For stuff I care about long term I put a reference on my own site, and I
either cache the target page myself, of record enough of it that a Google
search is likely to find something similar. That way I can fix it if it
breaks.

For stuff that I don't care about beyond three months, why should I bother?
OK, perhaps I should bother because of the potential for malware, etc, and I
recognise that, but for me, the benefits outweigh the disadvantages.

If you think this is wrong, offer me a service that makes my life easier,
otherwise all you're doing is saying "Don't do that."

And I'm not sure that I don't have at least some right to know how many people
click on a link that I've provided, even if it's to someone else's domain. If
I can get that information, and it's of use to me, why should I not do it?

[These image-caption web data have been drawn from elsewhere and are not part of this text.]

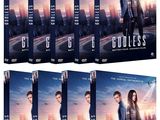 un lot de six jaquettes de DVD de la série « Golesss »
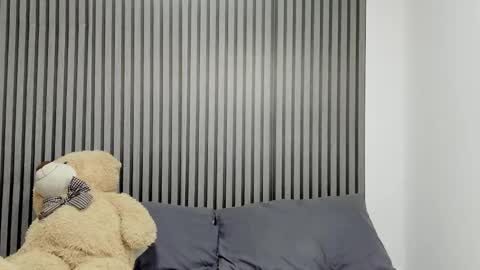 Snapshot of dulce_roberts_ chatting on 09/24/25, 12:08 Dulce  online show from 09/24/25, 12:08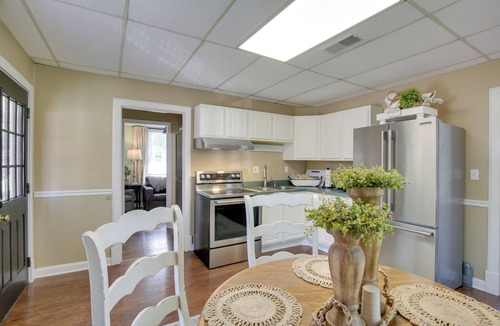 Defiance House | 'The Cabernet Cabin' Defiance Home on Katy Trail!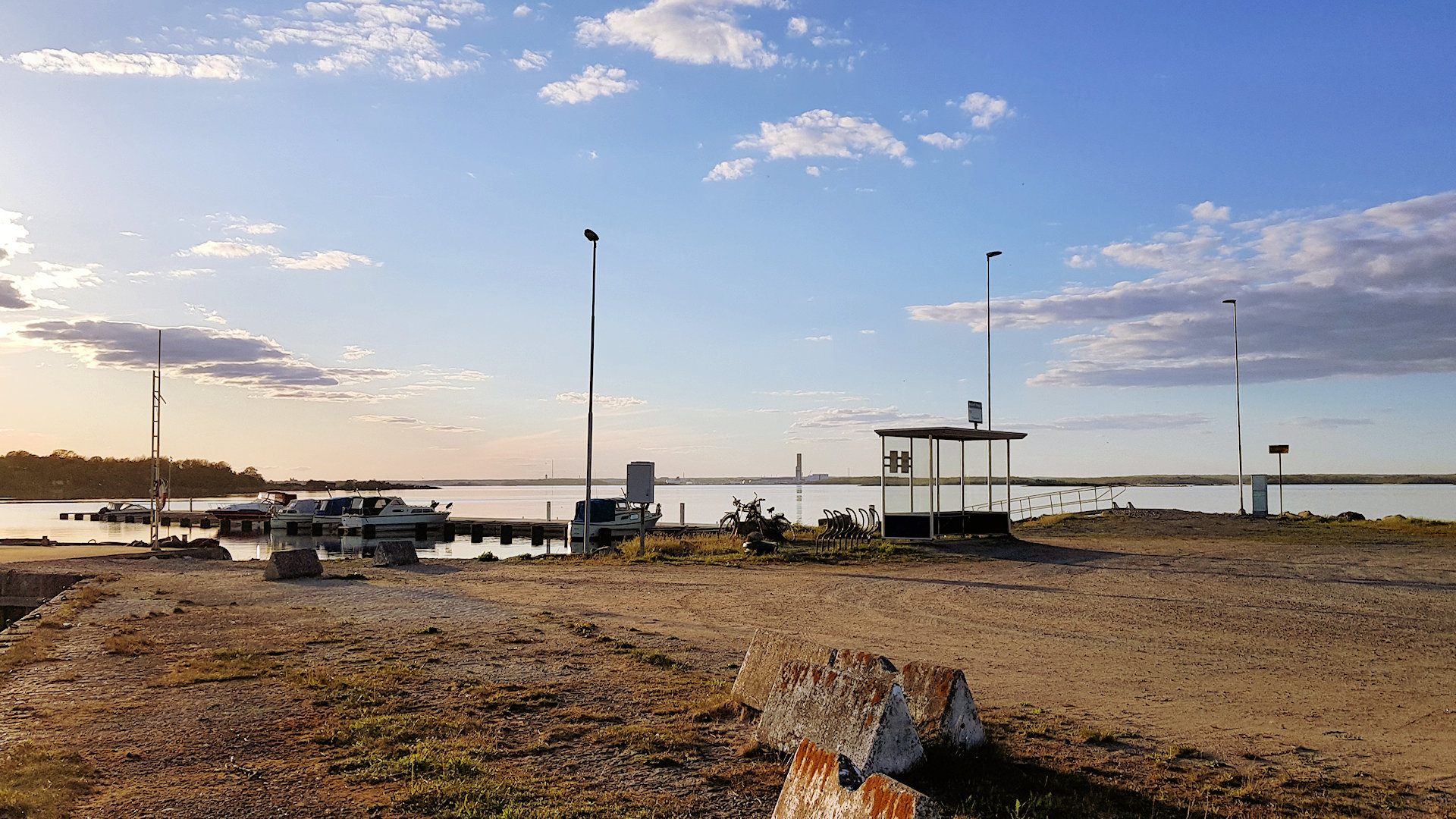 Eine kleine Marina auf einer Nachbarschäre. Herzlich willkommen im Inselparadies von Ronneby + Karlskrona Tjurkö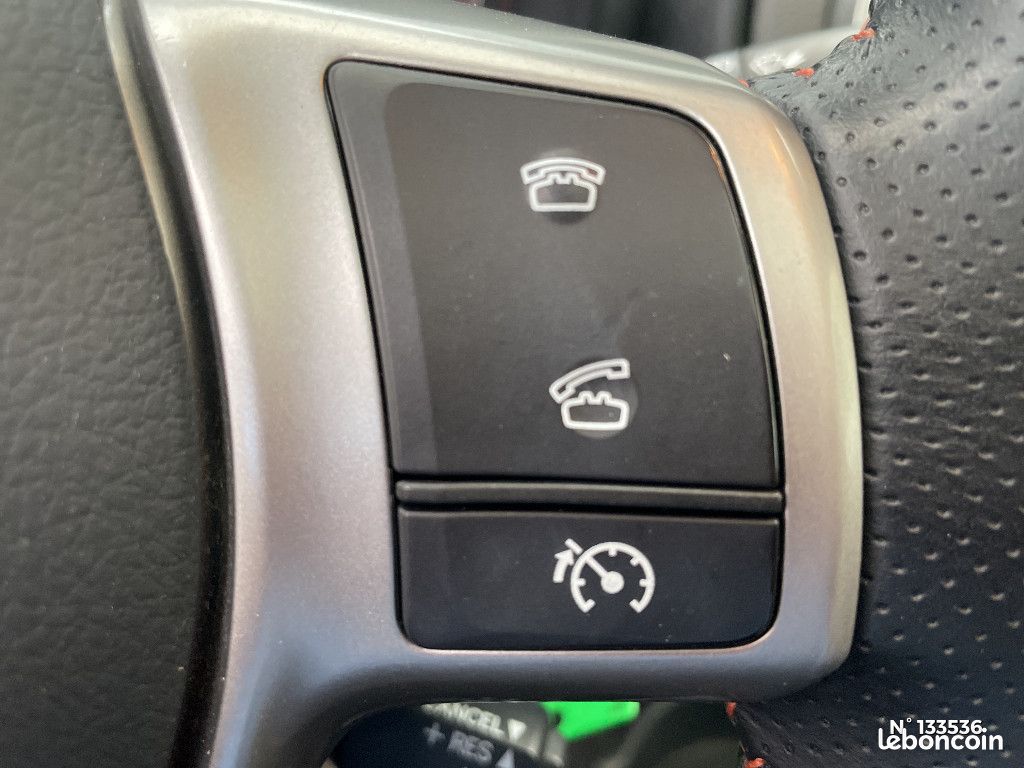 Toyota Yaris 100 VVT-i Style CVT (image 27)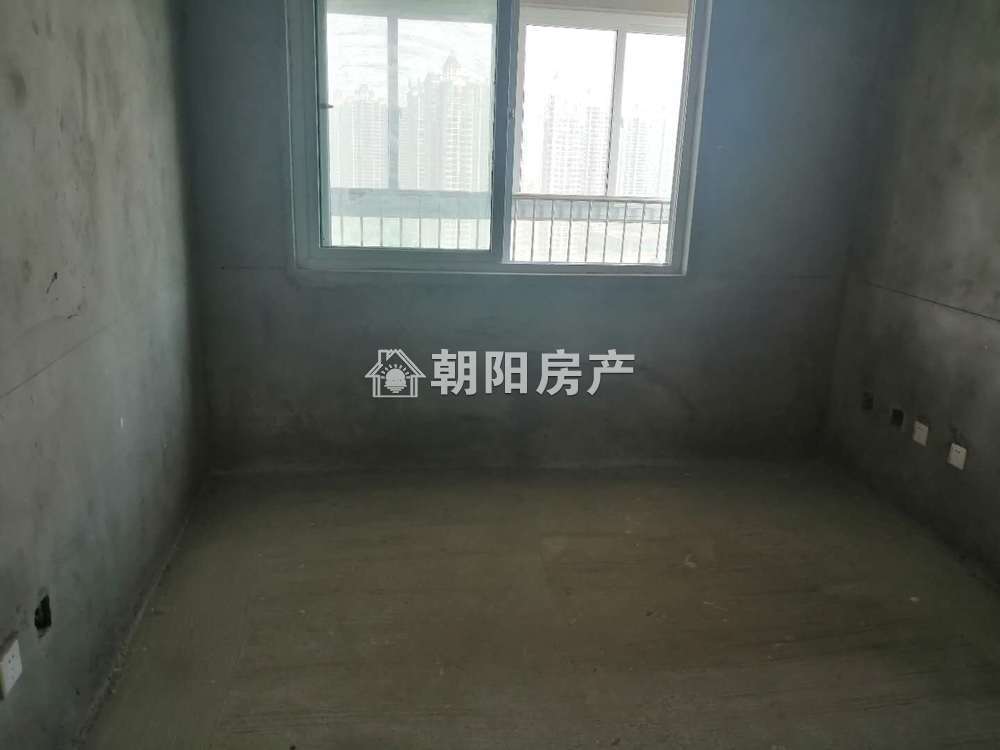 万茂华府 129平 南向大三室 交通便利 毛坯自装修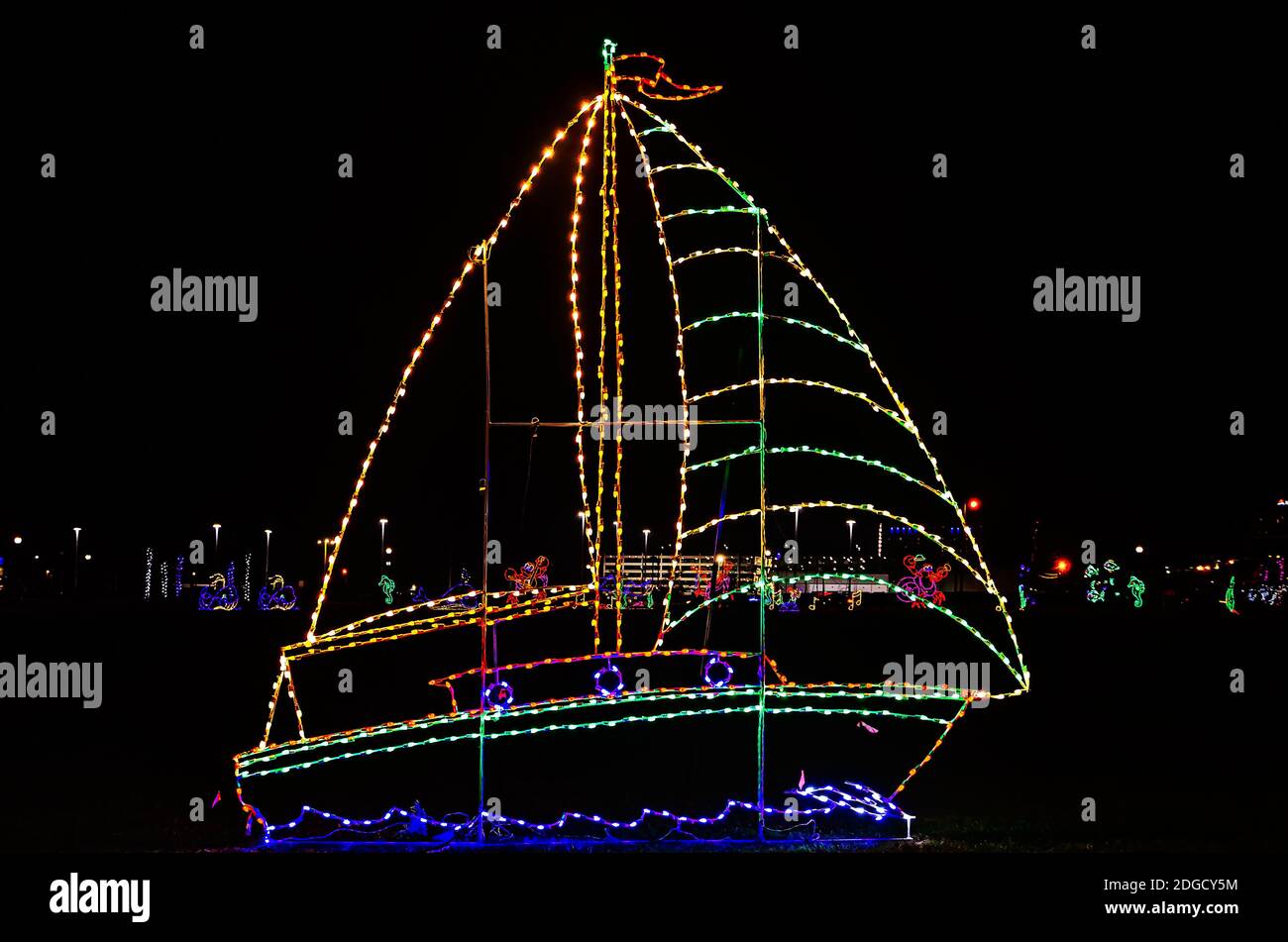Weihnachtslichter zeigen ein Segelboot während einer Feiertagsfeier im Jones Park am 5. Dezember 2020 in Gulfport, Mississippi. Stockfoto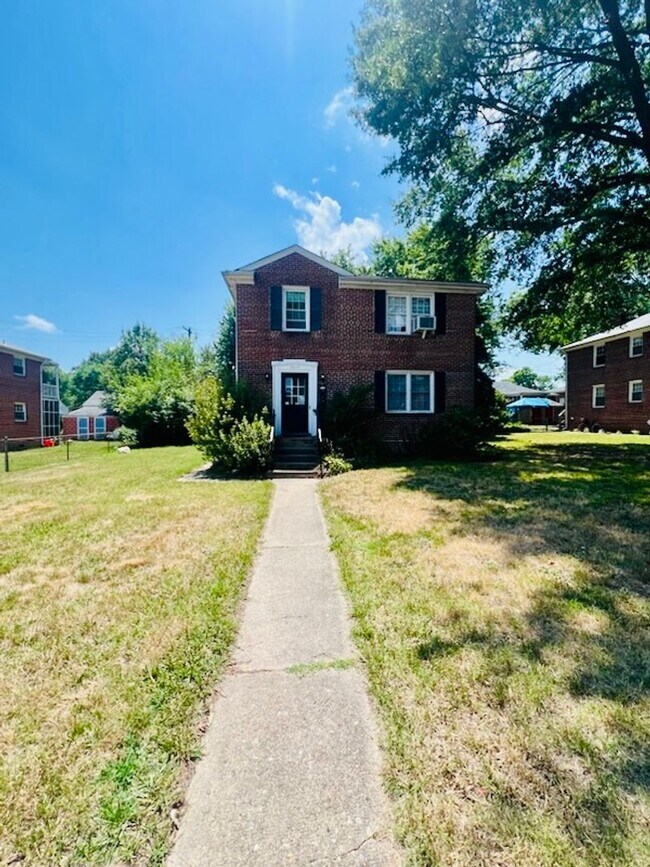 Foto del edificio - 5303 W Franklin St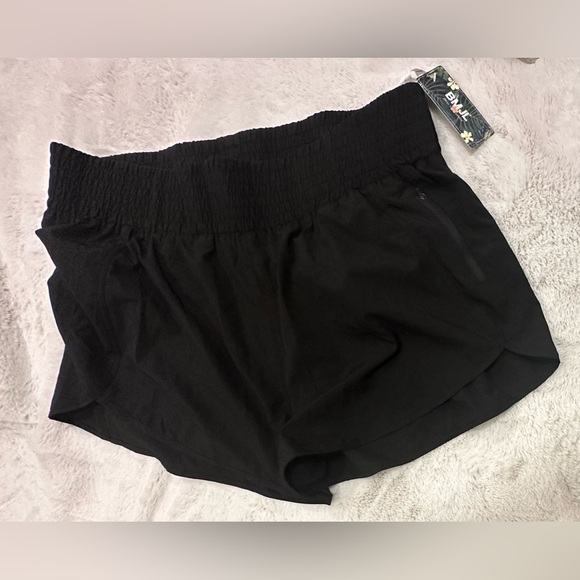 NWT!! - BMJL Women’s Workout shorts xxxl - Picture 2 of 3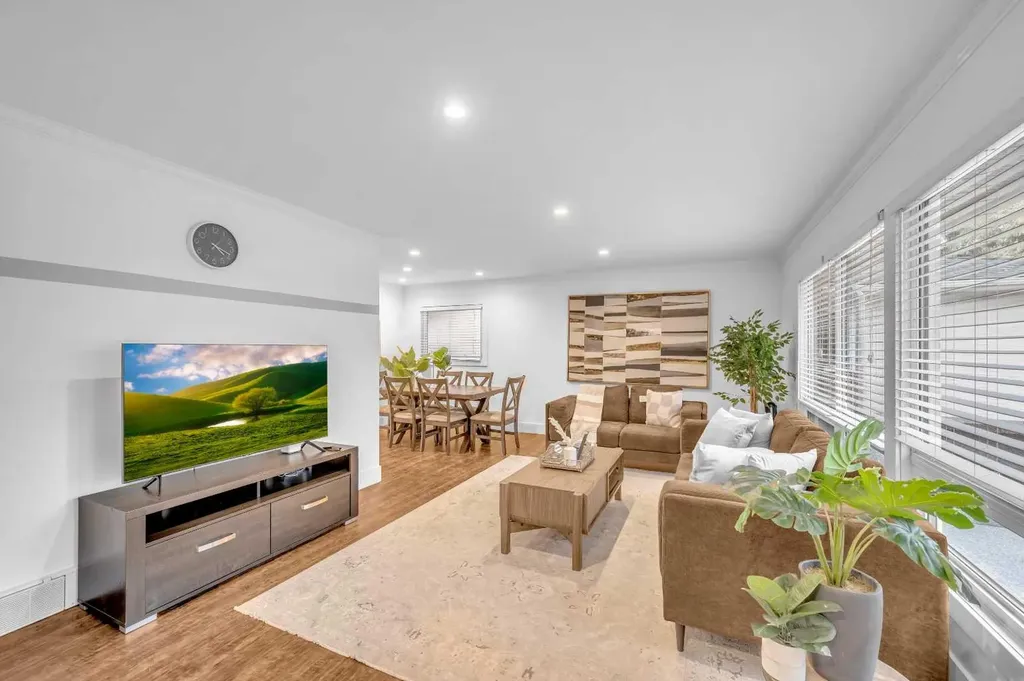 10012 Willowview Road SE Calgary AB T2J 1P4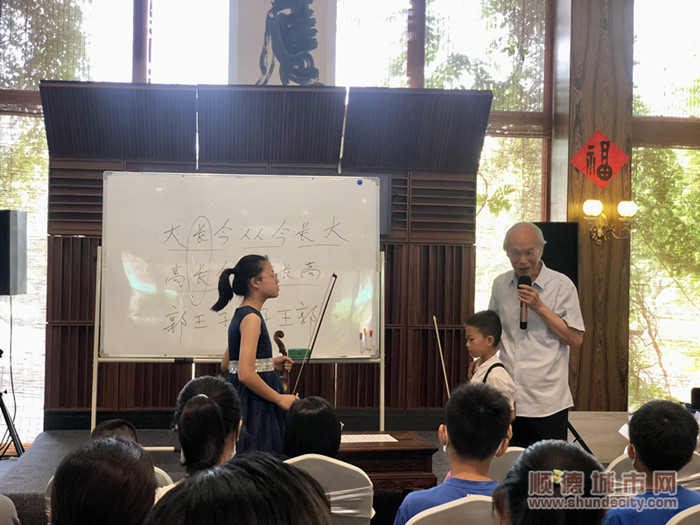 卞教授邀請樂團小朋友上臺演奏。.jpg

Finally, I'm not talking about the links on my domains. For them I use long
references. I'm talking about links provided in SMS, Facebook IM, twitter, and
other similar media. I don't really see how providing short links there are
"breaking the web" and would be interested in an clarification you'd care to
offer.

(edited within minutes for typos and clarification.)

------
prakashk
I use the Greasemonkey userscript 'TinyURL Decoder'
(<http://userscripts.org/scripts/show/40582>) which automatically decodes the
tiny URLs on a page. Very useful on twitter (which the script has out-of-the-
box support).

------
jaxn
The vast majority of URL shorteners return the full URL with a HEAD request.
Not practical for everyone, but the best way to do it if writing a service
that might consume shortened URLs.

------
pook
is.gd uses an appended - to throw you to a preview page, as well.

------
adolph
Hmm, now I need a js bookmarklet to toggle appending + signs on pages...

------
grandalf
pr0n.ly uses /stats after the URL to show stats. But unfortunately it's being
shut down for being un-Islamic.